Museums write protective RFPs due to several well founded fears. The first is the fear of not getting everything they need. Naturally, museums want to get the most for their money, so RFPs tend to list every possible feature. However, this extensive list can very easily shift from a thorough and well reasoned document to a catalog filled with every single feature and function museum stakeholders can think of. Museum digital teams often have to justify their plans for expensive development projects to leadership teams that “don’t understand digital.” This may lead to the desire to add on unnecessary, exhaustive functionality to the RFP, in an attempt to make the possibilities for the new website or interface be all things for all people.
Another common concern among museums is the fear of paying too much. Not only do RFPs attempt to list comprehensive requirements, but then the budgets are often set with a low number, as a means of negotiating the best possible deal. Again, this is normal in negotiation, but it does introduce distortions into the document. Museums are also afraid of project failures, missing deadlines, going over budget, or unacceptable deliverables. These are all genuine concerns, but when specific terms and conditions or penalties are set forth at the outset regarding potential failures, the distrust is set even before the project begins.

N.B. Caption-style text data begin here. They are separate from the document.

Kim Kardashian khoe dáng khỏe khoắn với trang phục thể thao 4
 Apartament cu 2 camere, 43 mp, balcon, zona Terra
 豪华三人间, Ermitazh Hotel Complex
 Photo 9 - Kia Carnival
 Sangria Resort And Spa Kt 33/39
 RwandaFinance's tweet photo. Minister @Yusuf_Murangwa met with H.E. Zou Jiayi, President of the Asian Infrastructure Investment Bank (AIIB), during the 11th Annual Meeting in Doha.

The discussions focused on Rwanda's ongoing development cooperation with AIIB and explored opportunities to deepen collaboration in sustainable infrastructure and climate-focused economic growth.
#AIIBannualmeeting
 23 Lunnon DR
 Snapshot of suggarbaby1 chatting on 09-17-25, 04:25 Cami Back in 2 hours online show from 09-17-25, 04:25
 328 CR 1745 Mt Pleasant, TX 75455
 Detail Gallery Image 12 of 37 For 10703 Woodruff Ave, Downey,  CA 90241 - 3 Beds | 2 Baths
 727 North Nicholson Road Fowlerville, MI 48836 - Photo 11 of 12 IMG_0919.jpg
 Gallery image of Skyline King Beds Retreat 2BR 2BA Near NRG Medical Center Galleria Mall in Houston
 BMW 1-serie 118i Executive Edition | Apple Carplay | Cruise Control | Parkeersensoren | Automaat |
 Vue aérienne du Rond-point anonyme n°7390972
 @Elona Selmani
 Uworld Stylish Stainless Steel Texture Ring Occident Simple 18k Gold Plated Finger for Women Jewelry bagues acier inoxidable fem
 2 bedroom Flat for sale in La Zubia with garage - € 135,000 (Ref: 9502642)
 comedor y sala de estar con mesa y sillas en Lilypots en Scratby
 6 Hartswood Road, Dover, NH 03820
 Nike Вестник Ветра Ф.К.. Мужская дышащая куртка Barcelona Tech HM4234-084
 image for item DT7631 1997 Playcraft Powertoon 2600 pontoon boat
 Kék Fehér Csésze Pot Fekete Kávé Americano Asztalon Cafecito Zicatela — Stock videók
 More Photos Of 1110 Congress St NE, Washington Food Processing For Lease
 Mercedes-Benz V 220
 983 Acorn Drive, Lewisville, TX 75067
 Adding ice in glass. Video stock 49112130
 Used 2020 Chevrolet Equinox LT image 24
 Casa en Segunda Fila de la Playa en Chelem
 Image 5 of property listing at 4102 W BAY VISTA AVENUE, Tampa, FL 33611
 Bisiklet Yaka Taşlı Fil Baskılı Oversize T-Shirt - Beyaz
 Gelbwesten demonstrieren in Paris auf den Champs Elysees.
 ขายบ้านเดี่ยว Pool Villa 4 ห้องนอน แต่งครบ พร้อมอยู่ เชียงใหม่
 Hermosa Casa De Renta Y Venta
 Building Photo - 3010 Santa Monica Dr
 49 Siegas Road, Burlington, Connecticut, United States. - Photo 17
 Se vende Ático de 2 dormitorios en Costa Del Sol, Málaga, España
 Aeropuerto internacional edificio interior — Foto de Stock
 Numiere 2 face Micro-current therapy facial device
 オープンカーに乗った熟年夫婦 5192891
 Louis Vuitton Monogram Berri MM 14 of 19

Clients aren’t the only ones who approach RFPs with fear—partner firms are also afraid of project failure. Firms are afraid of a project that keeps getting new requirements added as the process goes on, so they add all sorts of qualifiers to the project scope. They also fear projects that go over budget, add padding, restrict scope, draw hard deadlines on timetables, add restrictive conditions to terms, or that never end or have new decision-makers introduced halfway through. Most of all, firms are afraid of wasting their time because the client has already chosen another firm; no one wants to be the second and third document needed in order to satisfy the administrative requirement of soliciting competitive bids.
The RFP is bloated
RFPs are often bloated and far bigger than necessary—traditional RFPs in the past have been known to reach upwards of 20 pages. RFP bloat usually occurs when an organization is trying to compensate for long-term neglect. The average lifespan of digital projects vary, but for a website it is usually three to five years. While updates and maintenance may keep a site functional during this span, design standards, new technologies, and new marketing opportunities usually require significant upgrades to the site over time. Many museums find they have “technical debt” from one-time digital projects and legacy third-party integrations that accumulate over time and get lumped into the RFP as an attempt to fix everything at once. And if gradual upgrades, design refreshes, and new technology implementations are not handled on a regular basis, a site or project can become so out of date that rebuilds from the ground up become necessary.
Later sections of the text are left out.